Não devo ser o único a intuir que há mais verdade na ficção do que na vida real. A ficção ou, se quisermos, o contar uma história, alguém dirá, não é outra coisa que não uma versão de alguma parte real da vida, ou outra coisa que não imaginar o que essa realidade poderia ser.

Como podem a versão e a imaginação conterem mais verdade do que o real que contam ou imaginam?

O fato é que a vida nossa e as relações que a preenchem são inevitavelmente tocadas por algumas mentiras, grandes ou pequenas, necessariamente organizadas por uma hipocrisia sem a qual estaríamos todos provavelmente agarrados aos pescoços uns dos outros, e organizadas por silêncios e não-ditos que nos permitem o livre trânsito entre amigos e familiares que não nos perdoariam muito do que pensamos ou fazemos.

Algumas ciências e alguns discursos muito inteligentes se debruçam até competentemente sobre a vida e as relações e tentam revelá-las em toda a sua verdade. Por vezes conseguem, mas o fazem em tese, em geral. Quando olham para o concreto, para o singular, a coisa toda é tão racional, tão argumentada, que operam como o bisturi do legista, sobre um corpo de onde o mistério escapou, e com ele qualquer traço dessa verdade a que me refiro.

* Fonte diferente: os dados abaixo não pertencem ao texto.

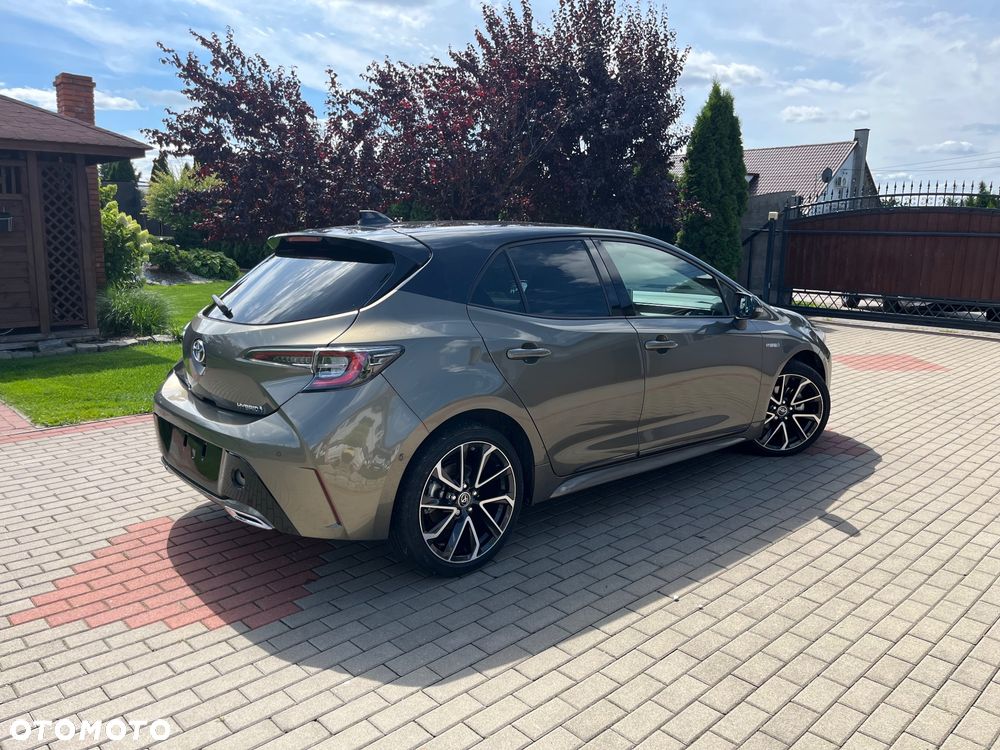 Toyota Corolla 2.0 Hybrid Executive - 5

A afirmação parece exagerada? Imaginemos que vem da boca de um personagem fictício a quem fazemos responsável por ela e fica tudo resolvido. A ficção funciona como um filtro, um prisma, que nos permite tocar algumas verdades sem nos queimarmos. Ela permite revelar um pouco do que rege as relações sem que apontemos o dedo para um vizinho ou um tio real.

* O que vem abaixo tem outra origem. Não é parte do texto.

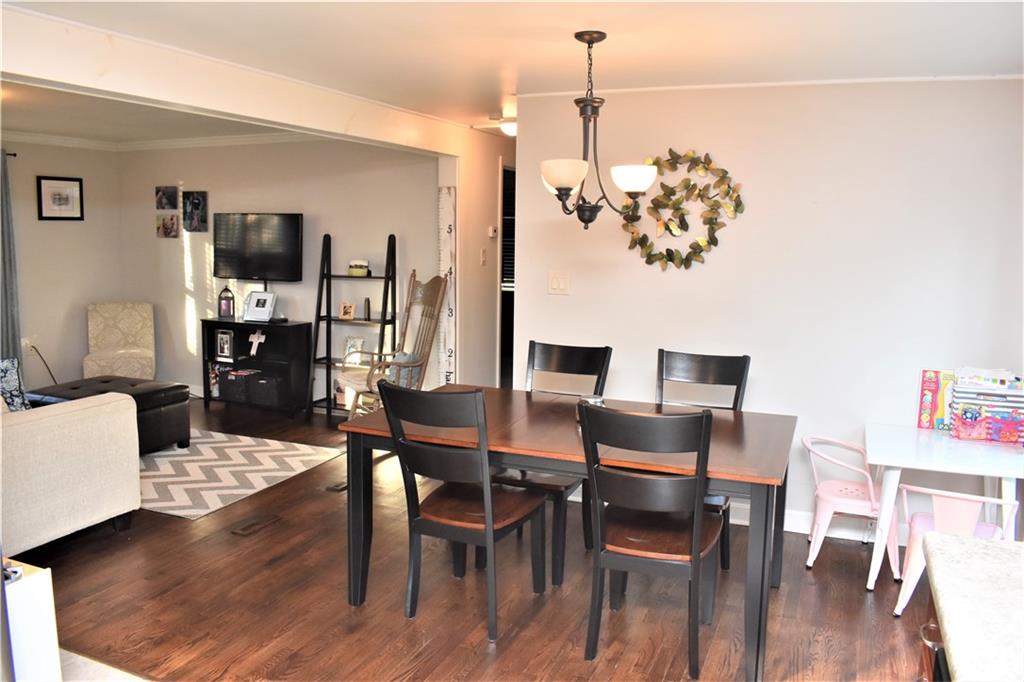 1617 McCully Road Pittsburgh, PA 15234 - Photo 7 of 20 Gallery Image 7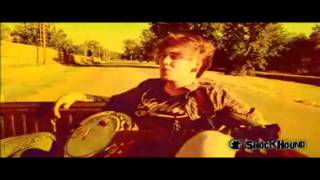 Video-Miniaturansicht von „NeverShoutNever - Piggy Bank (Official Music Video)“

Esta minha convicção, mais intuída que pensada, aflorou de novo agora quando acontece por aqui a nova edição da Mostra de Cinema Árabe (http://www.mundoarabe2016.icarabe.org/).

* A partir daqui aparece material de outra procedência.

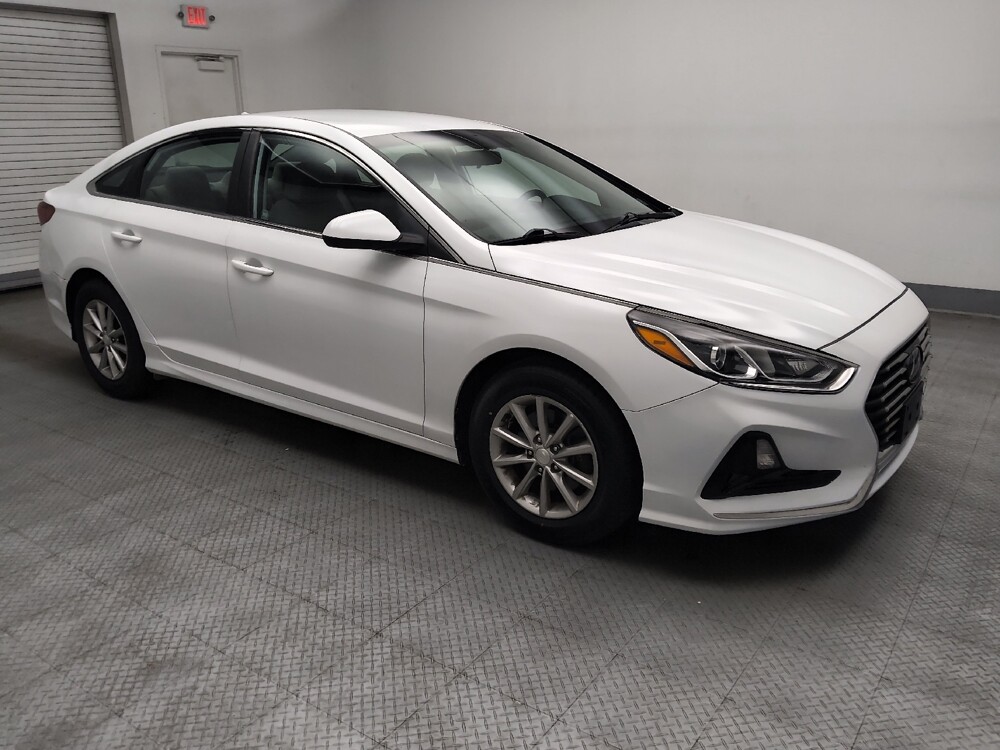 2018 Hyundai Sonata in Des Moines, IA 50310 - 18133797 11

As histórias contadas pelos filmes ali reunidos contam também versões, sempre parciais e sempre passíveis de contestação, de mundos reais, ou contam versões imaginadas do que poderia ser real.

Na medida em que são obras de ficção ou, no caso dos documentários, de tratamento criativo da realidade, convidam mais a uma aproximação afetiva, a uma empatia, do que à análise, ao entendimento frio.

São retratos da experiência humana, sempre em parte mentirosos porque não contam a história inteira, mas sempre verdadeiros porque contam a verdade de uma experiência possível.